Soon they encountered one of the numerous humanoid librarians dwelling within the Library. The player of the Star-Hawk-ey PC, who belonged to the bird-like Hyehoon clade, decided it would be fun to spend 1 FP and make a narrative declaration that the librarian recognized Gamorine, the party's Gamora-like character, as a wanted-on-all-worlds assassin. (I don't normally see PVP play in Fate games, but I went with it since it was an interesting complication. Really, I should have given a FP to Gamorine...).

The assassin teleported the librarian into one of the aquaria and let him drown.

Nasty stuff.

Next the players took a subterranean tubecar to one of the workshops where restorative work was being done on ancient artifacts. Eight tracks were stolen! The players were somewhat surprised that they were completely ignored by the librarian-restorationists in the workshops. Everyone was very focused on their own work. Kind of like the special neurological state of focus in Vernor Vinge's A Deepness in the Sky.

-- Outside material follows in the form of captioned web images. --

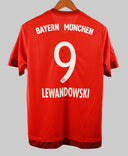 Bayern Munich 2015-16 Lewandowski Home Kit (M)
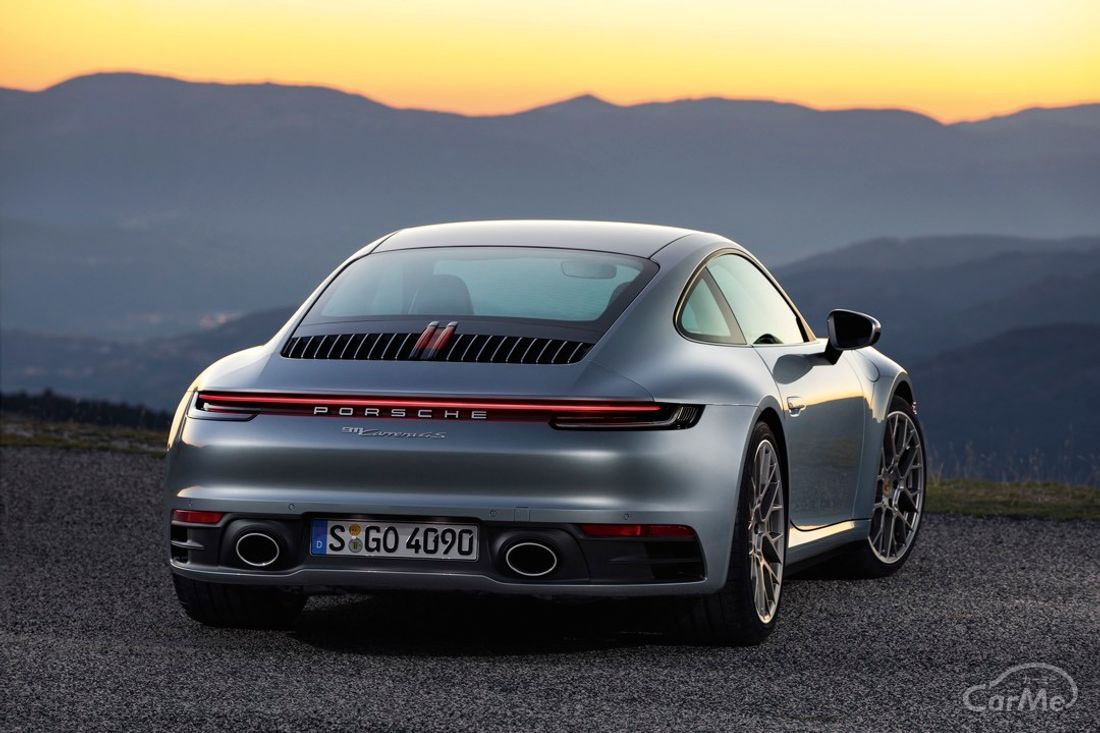 ポルシェ 911 992型
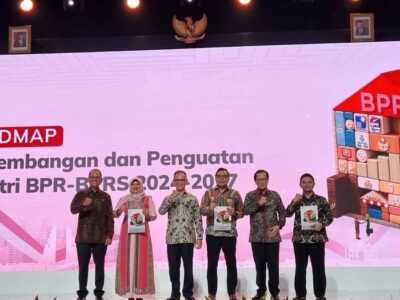 Komitmen Kembangkan BPR-BPRS, OJK Luncurkan Roadmap Penguatan Industri BPR dan BPRS
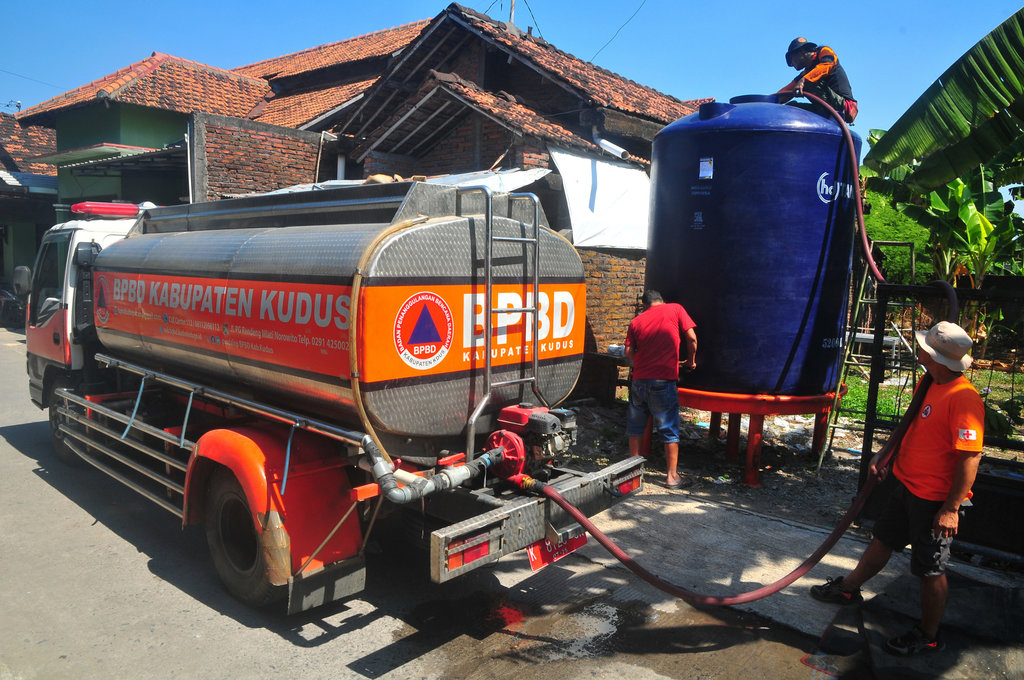 Penyaluran air bersih dampak kekeringan di Kudus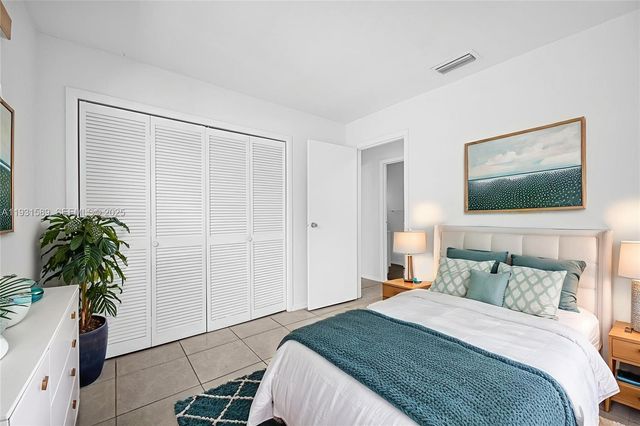 9480 NW 24th Pl, Sunrise, FL 33322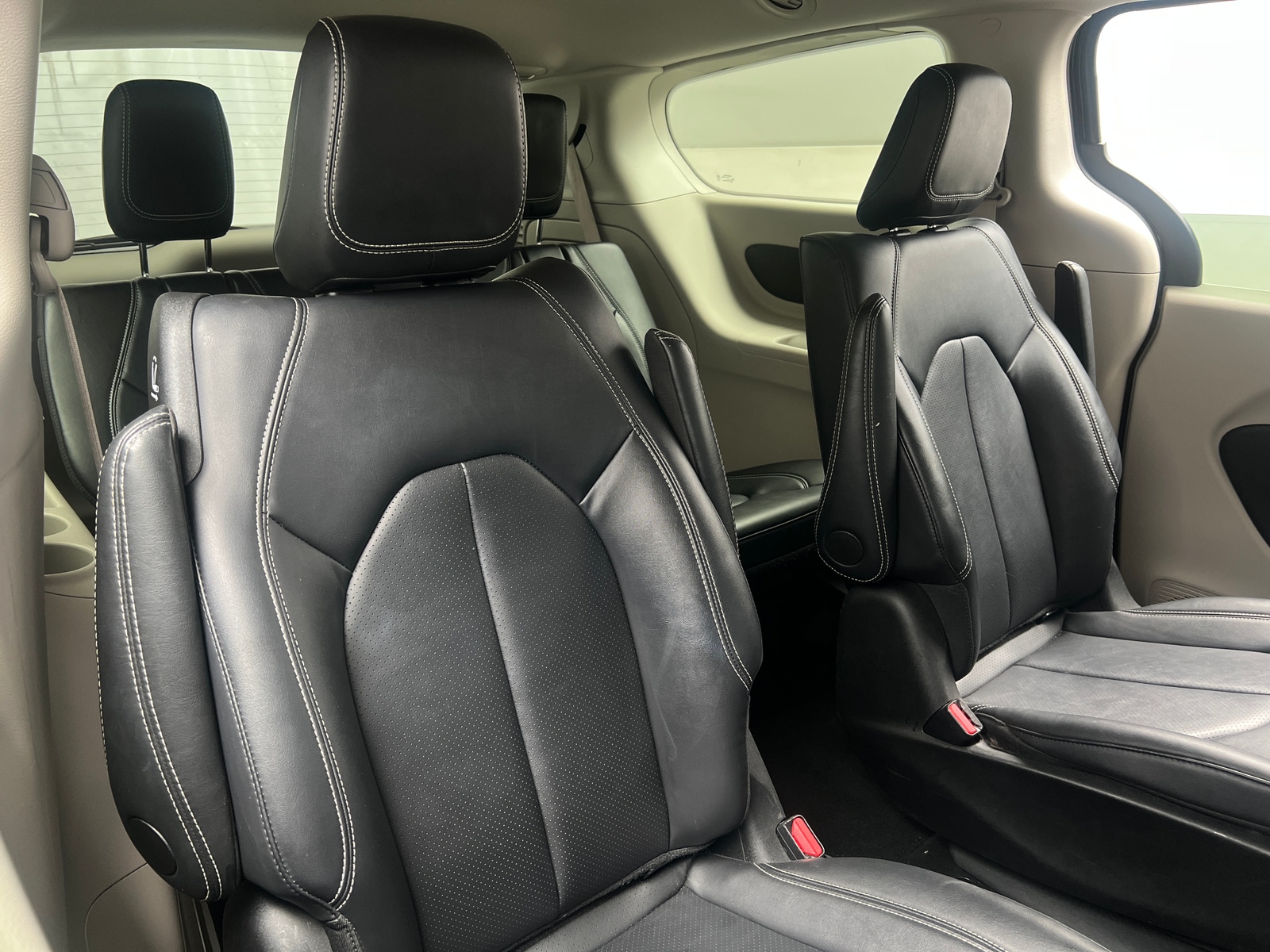Thumbnail: 2024 Chrysler Pacifica - 5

Finally, the players located a deep library section dedicated to the world of Tenebrae. This was a virtual reality as well. Things got creepy when the labyrinth's masked Skulkers appeared, and one took on the mien of Gamorine's father, Lord Death. Virtualities can be tricky that way, and sometimes a daughter can carry along a bit of her father without even realizing it...

Needless to say, the players soon high-tailed it out of that labyrinth and got back to their ship.

Next stop, the dead world of Tenebrae.